Nel frattempo il tema del 5G, e  in generale, della presenza delle aziende cinesi del settore nella Penisola – un argomento, ha raccontato Formiche.net, da anni all’attenzione dei servizi segreti e dello stesso Copasir – continua a tenere banco. Dei rischi connessi alla pervasività dell’elemento tecnologico ha parlato più recentemente anche l’ultima relazione del Dis al Parlamento, presentata a fine febbraio dai vertici del dipartimento alla presenza dal presidente del Consiglio Giuseppe Conte (che ha tenuto per sé la delega all’intelligence).
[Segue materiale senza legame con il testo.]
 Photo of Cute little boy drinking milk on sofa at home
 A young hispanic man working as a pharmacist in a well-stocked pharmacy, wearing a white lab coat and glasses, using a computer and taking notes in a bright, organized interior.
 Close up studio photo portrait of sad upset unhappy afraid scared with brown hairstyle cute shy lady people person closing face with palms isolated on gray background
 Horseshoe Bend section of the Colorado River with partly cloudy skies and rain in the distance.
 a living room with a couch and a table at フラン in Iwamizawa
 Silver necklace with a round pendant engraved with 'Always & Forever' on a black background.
Tutti suggerimenti che, nel tempo, non sembrano però aver trovato ascolto dagli esecutivi che si sono succeduti (l’inquilino di Palazzo Chigi, il ministro dello Sviluppo economico Luigi Di Maio, titolare del dossier, e rappresentanti delle agenzie sono stati nei mesi passati a Palazzo San Macuto proprio per essere ascoltati sul 5G, in audizioni slegate dall’indagine conoscitiva in corso).
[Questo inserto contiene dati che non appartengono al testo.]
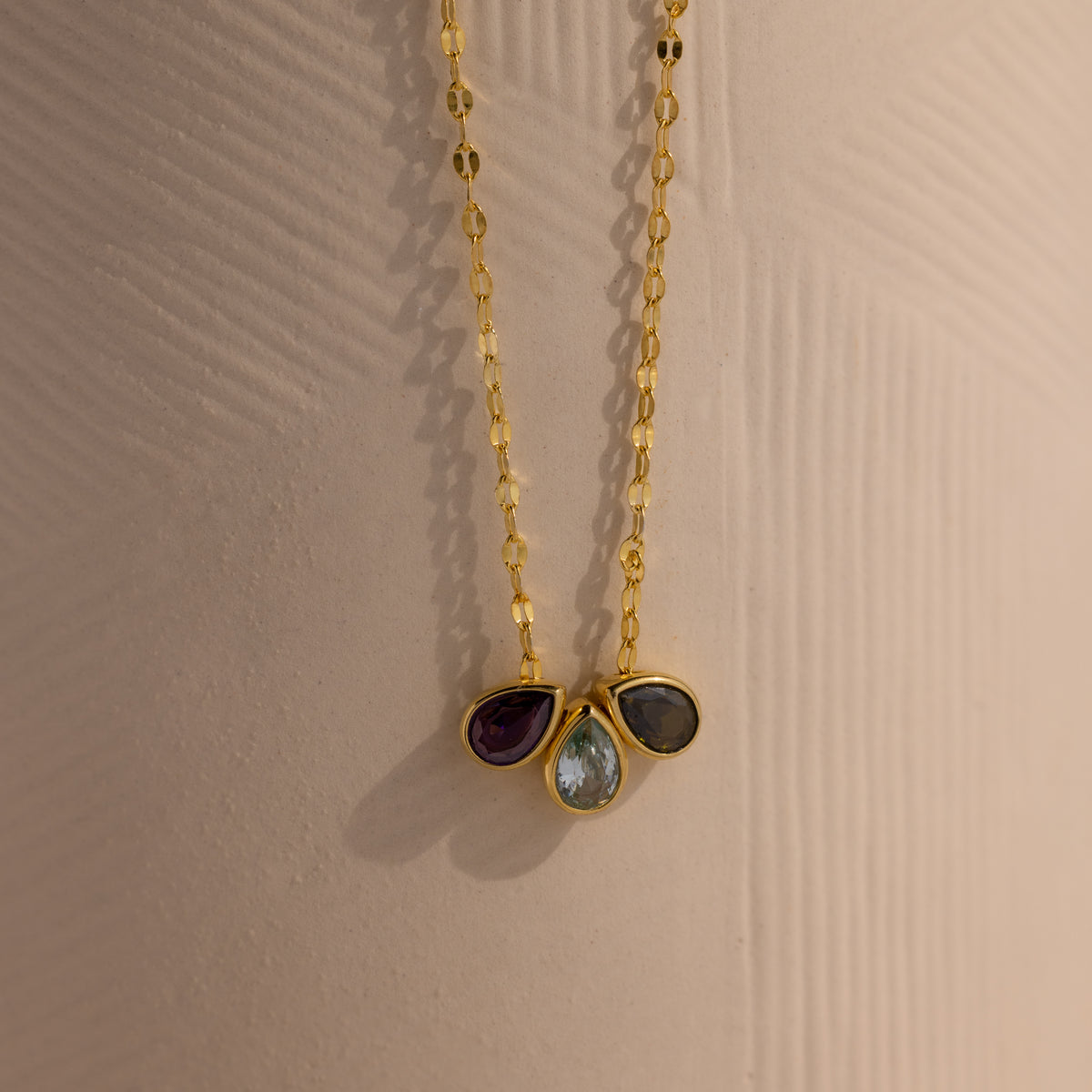 Teardrop birthstone name necklace from MUHVA STORE featuring a personalized pendant with a sparkling birthstone.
UNA QUESTIONE INTERNAZIONALE

Le implicazioni di sicurezza legate al 5G e al ruolo di Pechino nello sviluppo delle nuove reti mobili ultraveloci sono in cima ai pensieri di Washington, che ne sta ancora discutendo con l’Italia e con tutti i partner europei e Nato, cercando di sensibilizzarli (mentre oltreoceano la Casa Bianca ha già assunto provvedimenti specifici, inserendo Huawei in una ‘black list’ del Dipartimento del Commercio). Secondo produttore di smartphone al mondo dietro alla sudcoreana Samsung, e davanti all’americana Apple, Huawei è da tempo una osservata speciale da parte dell’amministrazione Usa, che teme l’espansionismo cinese condotto attraverso le nuove tecnologie, in particolare le nuove reti mobili ultraveloci di nuova generazione, oggetto di una vasta campagna di sensibilizzazione diplomatica da parte del Dipartimento di Stato.

LA POSIZIONE DELL’ITALIA

Riguardo il 5G (sul quale ha recentemente accesso i riflettori anche il Garante Privacy), a differenza di quanto accaduto in altri Paesi, Roma ha finora deciso di non escludere a priori le aziende della Repubblica popolare cinese. Mesi fa, attraverso una nota del Mise, è stata smentita l’intenzione di precludere alle aziende cinesi lo sviluppo della nuova tecnologia in Italia. Il governo ha poi proceduto all’istituzione di un nuovo Centro di valutazione e certificazione nazionale (Cvcn) – ancora non operativo – presso l’Iscti del Mise, e all’estensione del Golden power, la normativa sulle prerogative ‘speciali’ che lo Stato può usare a difesa degli assetti societari nei settori della difesa e della sicurezza nazionale, nonché per le attività di rilevanza strategica in ambiti come l’energia, i trasporti e le comunicazioni – allargata alla stipula di contratti o accordi aventi ad oggetto l’acquisto di beni o servizi relativi alla progettazione, alla realizzazione, alla manutenzione e alla gestione delle reti inerenti i servizi” delle reti 5G, quando posti in essere con soggetti esterni all’Unione europea. Mitigare i rischi, però, allertano gli Usa, potrebbe essere difficile.